[Image-text web data]
-----

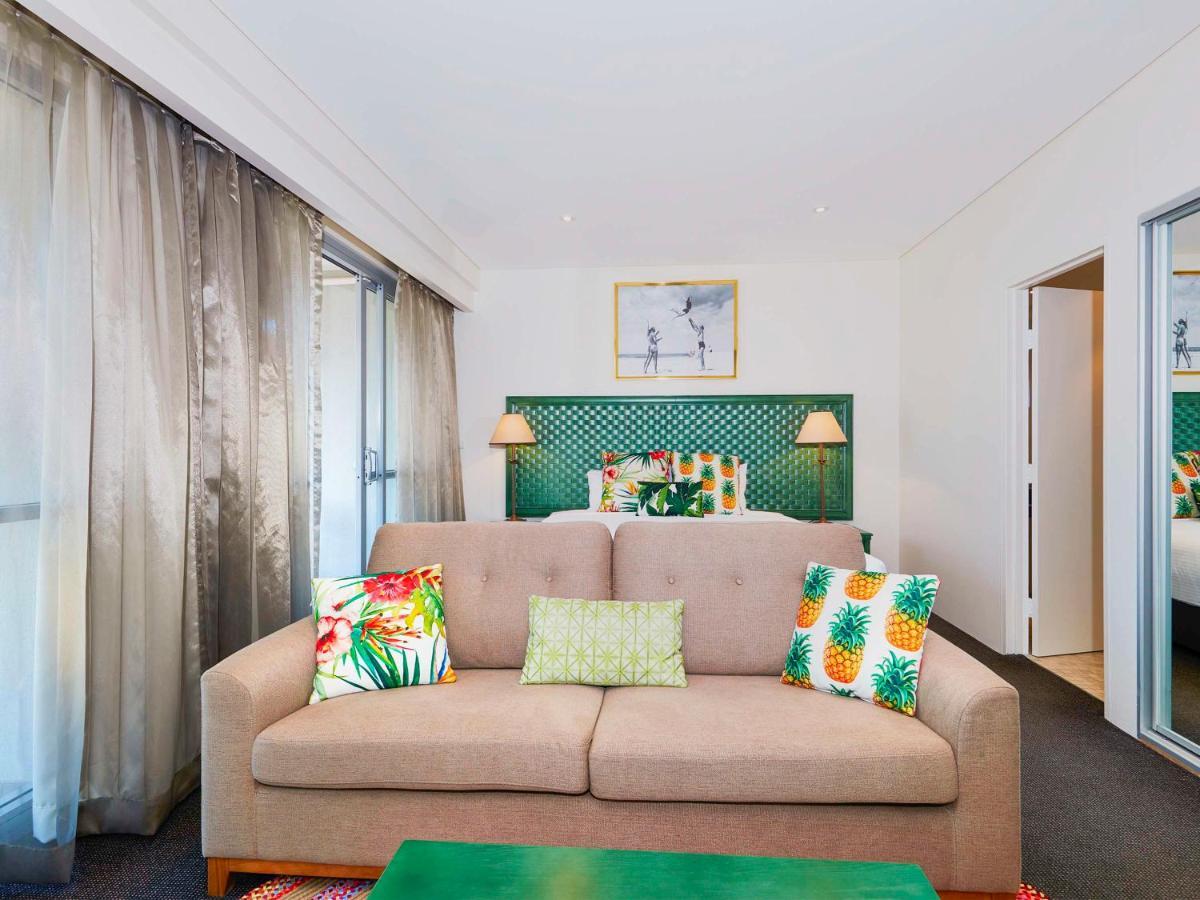 Peppers Manly Beach Sydney Exterior foto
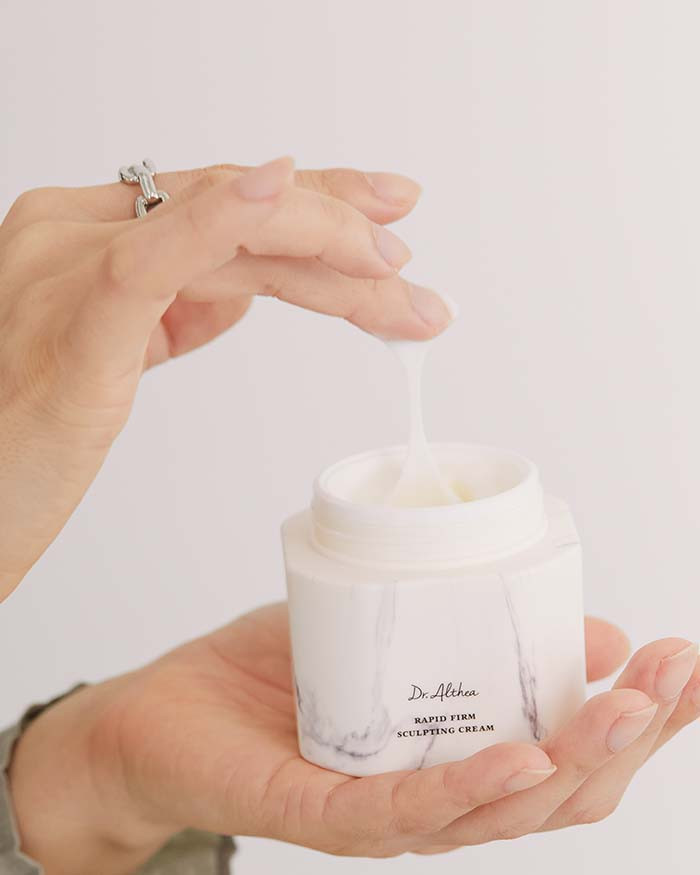 Rapid Firm Sculpting Cream | Soko Glam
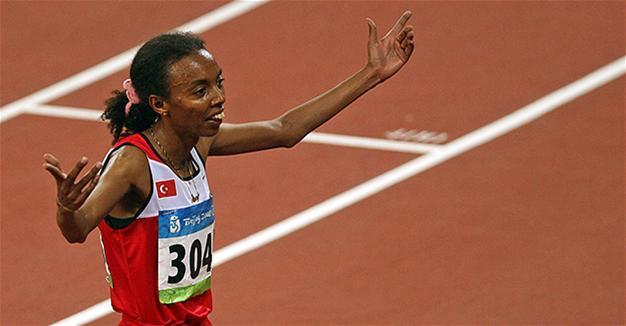 Turkish runners Abeylegesse, Bulut stripped of medals for doping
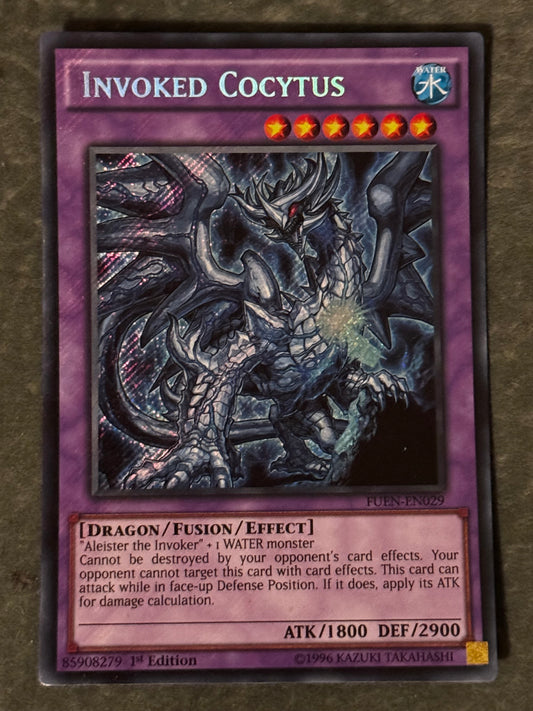 Invoked Cocytus FUEN-EN029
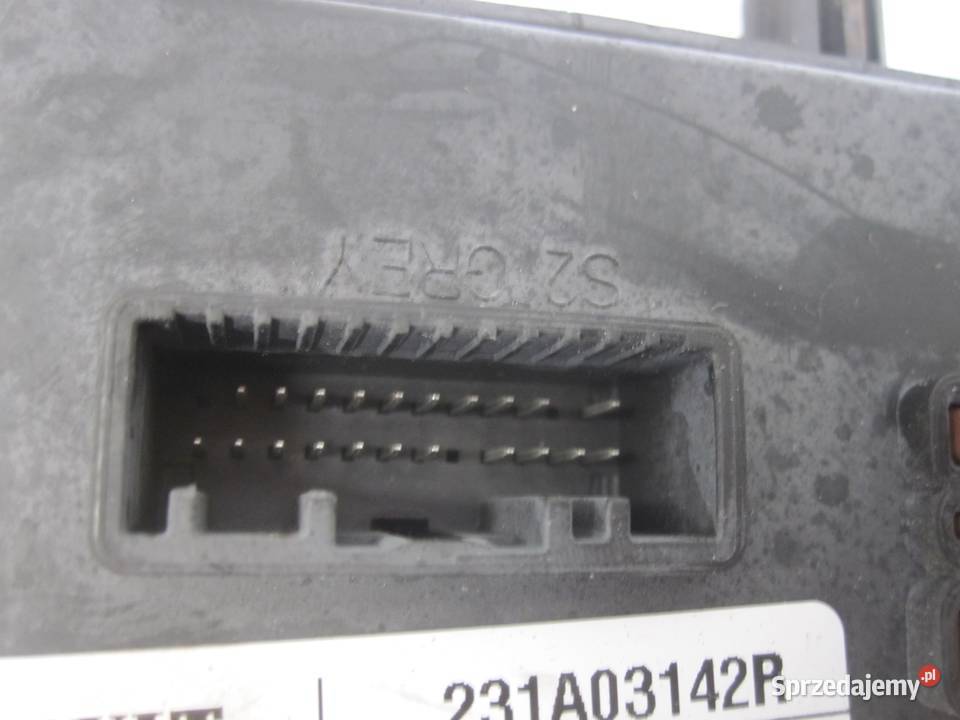 OPEL VIVARO B 16r moduł sterownik EMM 231A03142R świętokrzyskie Kielce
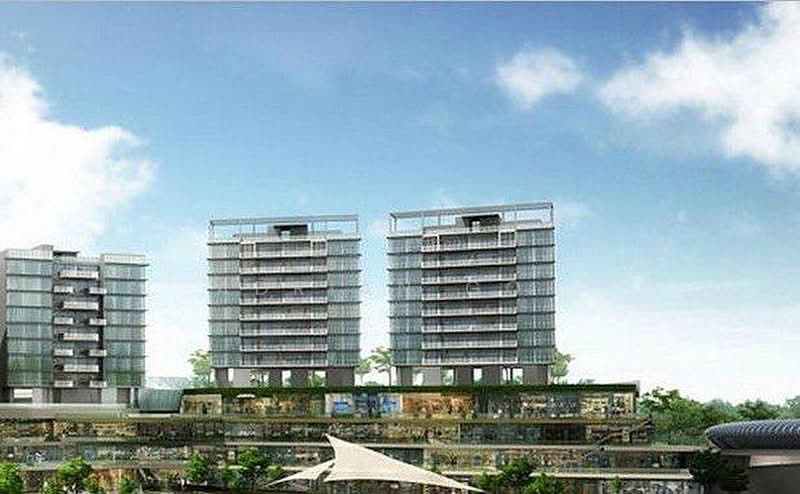 Watertown, 69 Punggol Central, 1 Bedroom, 557 sqft, Condominium For Rent, by Adrian Goh, 500225087 - Exterior - PropertyGuru.com.sg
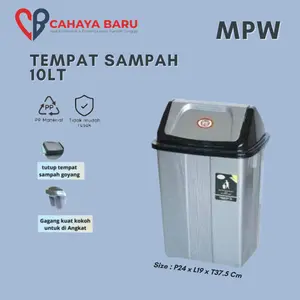 TEMPAT SAMPAH 1O LT MP54-7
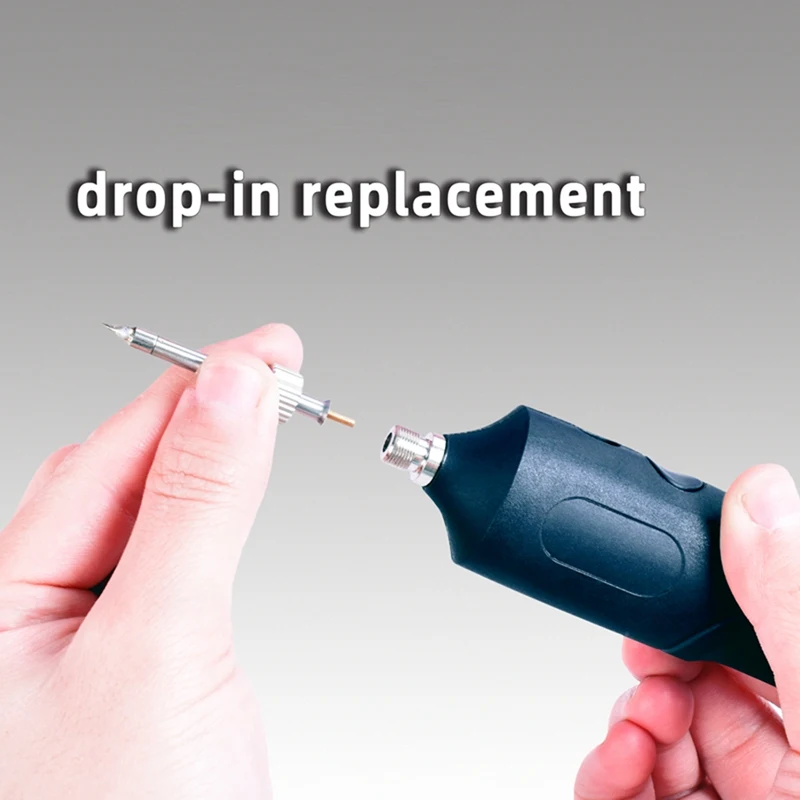 8W-15W USB Soldering Iron Adjustable Temperature Ceramic Core Heating Portable Home Soldering Solder Repair Tool
8W-15W USB Soldering Iron Adjustable Temperature Ceramic Core Heating Portable Home Soldering Solder Repair Tool
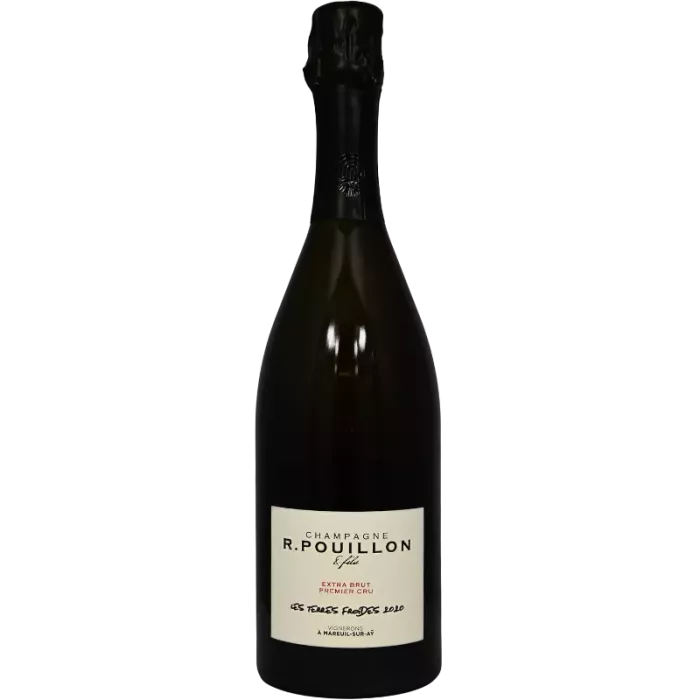 Les Terres Froides Extra-Brut 2020 | Champagne R. Pouillon et Fils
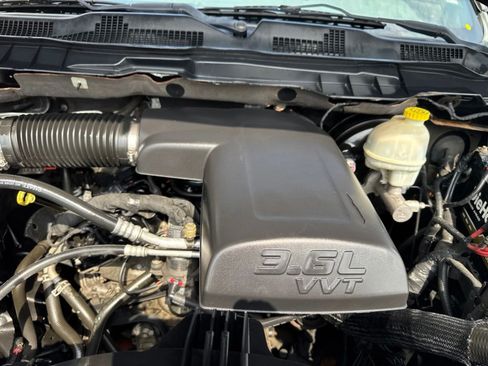 Used 2016 RAM 1500 Outdoorsman AWD/4WD image 29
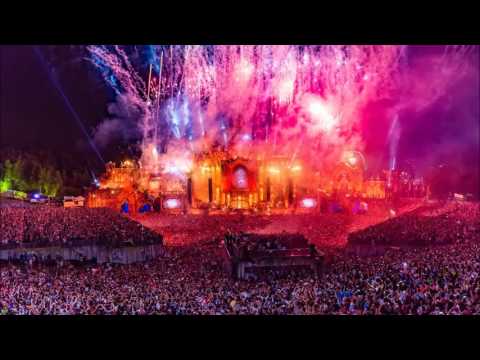 Dimitri Vegas&Like Mike & W&W  vs. Chainsmokers - Arcade vs. Don't Let Me Down (BounceMakers Edit)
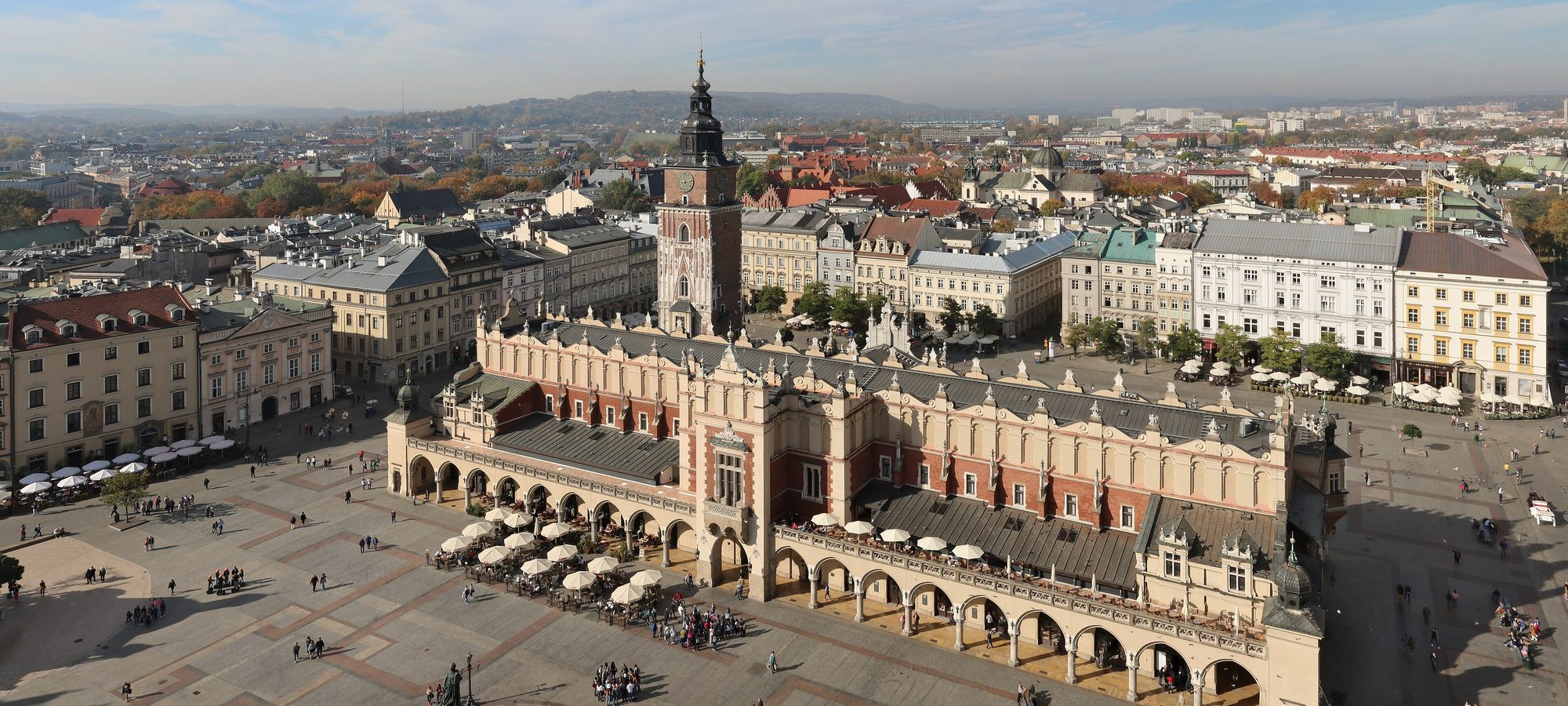 Qué hacer en Krakow, Poland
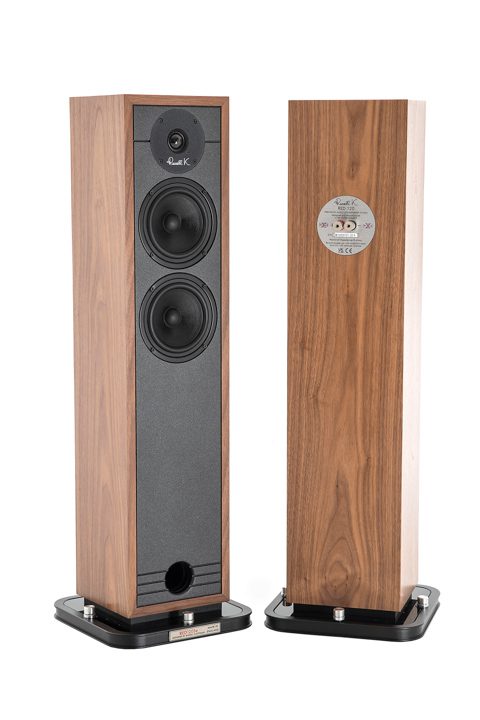 Russell K. RED 120 Se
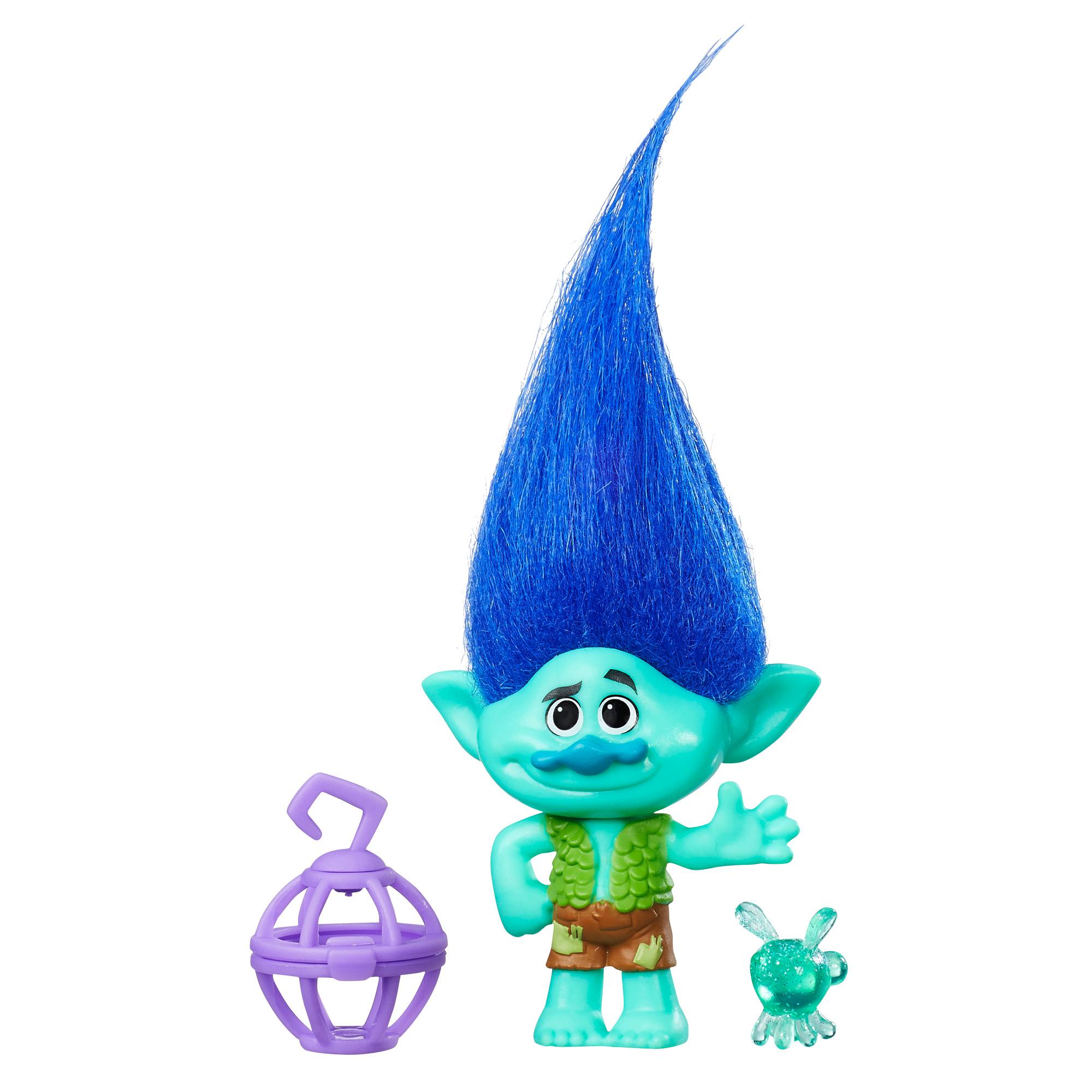 figurina trolls - branch, 10 cm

-----

__Required action__
None of the pictures belongs in the answer, but all the entries must be repeated exactly.

__Result for this task__
 Peppers Manly Beach Sydney Exterior foto
 Rapid Firm Sculpting Cream | Soko Glam
 Turkish runners Abeylegesse, Bulut stripped of medals for doping
 Invoked Cocytus FUEN-EN029
 OPEL VIVARO B 16r moduł sterownik EMM 231A03142R świętokrzyskie Kielce
 Watertown, 69 Punggol Central, 1 Bedroom, 557 sqft, Condominium For Rent, by Adrian Goh, 500225087 - Exterior - PropertyGuru.com.sg
 TEMPAT SAMPAH 1O LT MP54-7
 8W-15W USB Soldering Iron Adjustable Temperature Ceramic Core Heating Portable Home Soldering Solder Repair Tool
8W-15W USB Soldering Iron Adjustable Temperature Ceramic Core Heating Portable Home Soldering Solder Repair Tool
 Les Terres Froides Extra-Brut 2020 | Champagne R. Pouillon et Fils
 Used 2016 RAM 1500 Outdoorsman AWD/4WD image 29
 Dimitri Vegas&Like Mike & W&W  vs. Chainsmokers - Arcade vs. Don't Let Me Down (BounceMakers Edit)
 Qué hacer en Krakow, Poland
 Russell K. RED 120 Se
 figurina trolls - branch, 10 cm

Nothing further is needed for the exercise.